Roma, 5 de mayo. (Adnkronos Health) – “No debemos mirar sólo las necesidades de salud, sino también el bienestar general de la persona. Un concepto central hoy en día en los sistemas sanitarios más avanzados y también un legado de la Organización Mundial de la Salud: no basta con tratar las enfermedades, hay que garantizar que las personas estén bien. Para los niños, esto significa crecer en las mejores condiciones posibles, empezando por la prevención. Una prevención que se basa sobre todo en el estilo de vida. Así, en Adnkronos Salute Alberto Villani, jefe del complejo operativo unidad de Pediatría General, Enfermedades Infecciosas y Diosa del hospital pediátrico Bambino Gesù, habló en la Jornada Nacional de Pediatría promovida por primera vez por la Sociedad Italiana de Pediatría (Sip) del Ministerio de Salud.

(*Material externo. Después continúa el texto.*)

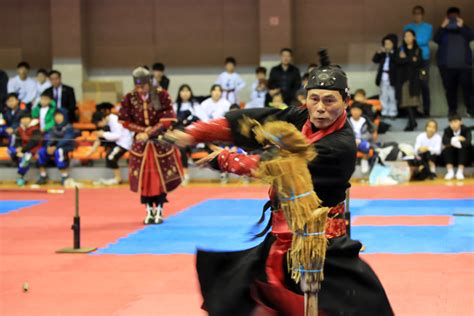 포토 제17회 전국청소년무예왕선발대회 전통무예시범 무예신문 대한민국 대표 무예체육뉴스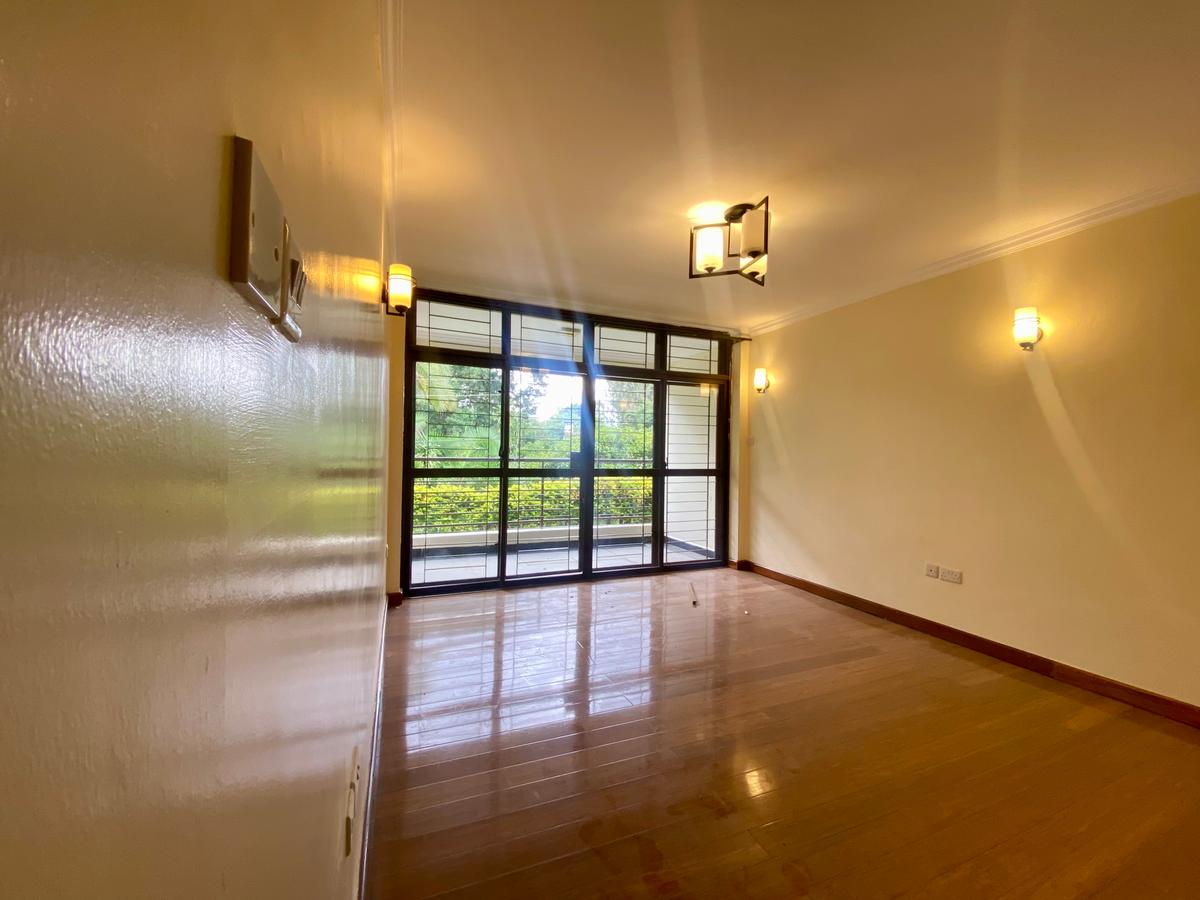 5 Bed Townhouse with En Suite in Lavington - 8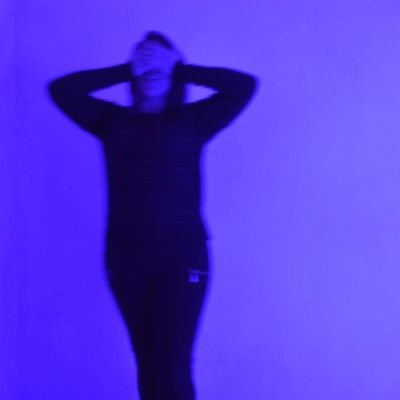 BandsMyWeakness's profile picture. Still the same, but sadder. 🍃  FLUC 💙 Línguas Modernas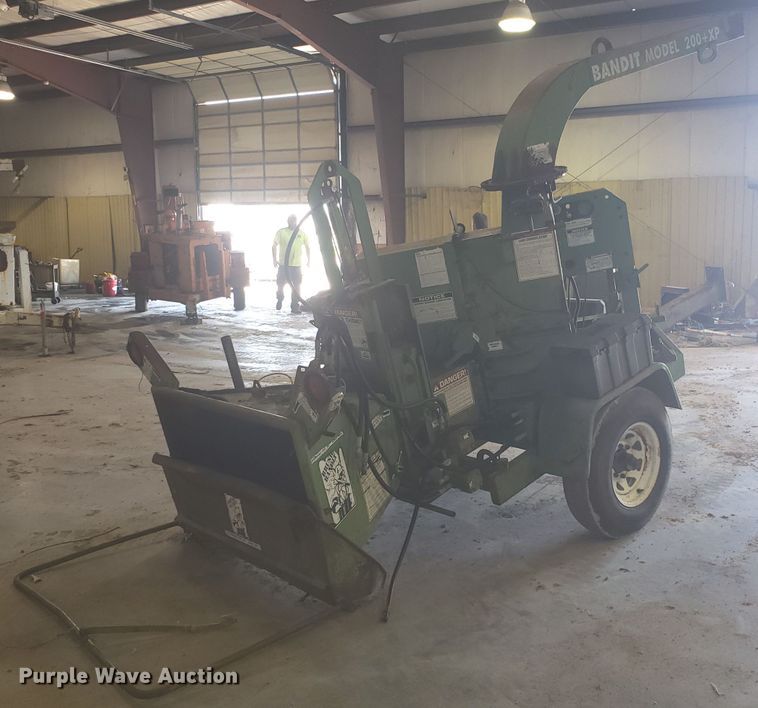 image for item DH2783 1998 Bandit 200TXP wood chipper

“Una buena alimentación – como la dieta mediterránea -, la actividad física y un ambiente tranquilo y positivo, tanto en la familia como en la escuela, son fundamentales”, explica Villani, para quien “la ampliación de la asistencia pediátrica hasta los 18 años sería muy positiva, tanto en la región como en el hospital. En particular, para los niños con enfermedades crónicas, que a menudo tienen dificultades para encontrar continuidad en la asistencia cuando pasan a la medicina de adultos: muchas patologías son poco conocidas incluso por los médicos adultos”. Por eso, subraya, “sería útil desarrollar una verdadera ‘medicina de la edad del desarrollo’, que en realidad se extendería también más allá de los 18 años. Sin embargo, aún está por definir cómo organizarla y quién debe cuidarla”.

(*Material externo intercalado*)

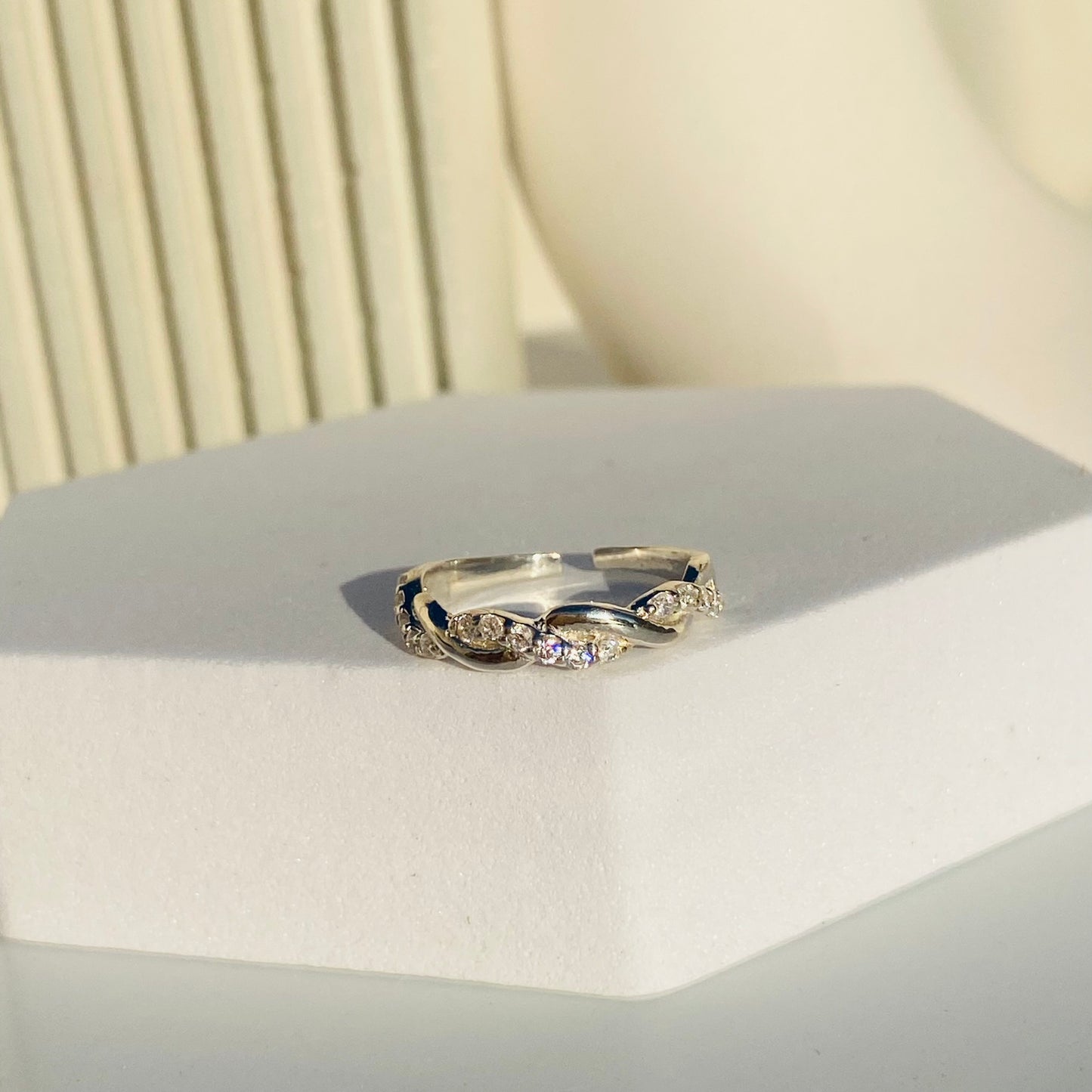 woven waves ring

Un punto crítico es la adolescencia: “hoy en día, en la región, la atención pediátrica generalmente termina a los 14 años – subraya Villani – y muchos niños tienen dificultades para acudir a un nuevo médico. Prolongar la relación con el pediatra podría garantizar la continuidad precisamente en una fase delicada de la vida”. De cara al futuro, “el pediatra necesitará tener competencias cada vez más amplias. Además de la formación tradicional, será importante conocer las nuevas fronteras de la genética, las aplicaciones de la inteligencia artificial y las tecnologías emergentes”. Pero no sólo eso: “también debe ser un experto comunicador. Es decir, no sólo un médico, sino una figura capaz de acompañar el crecimiento del niño y predecir y orientar su salud futura”, concluye.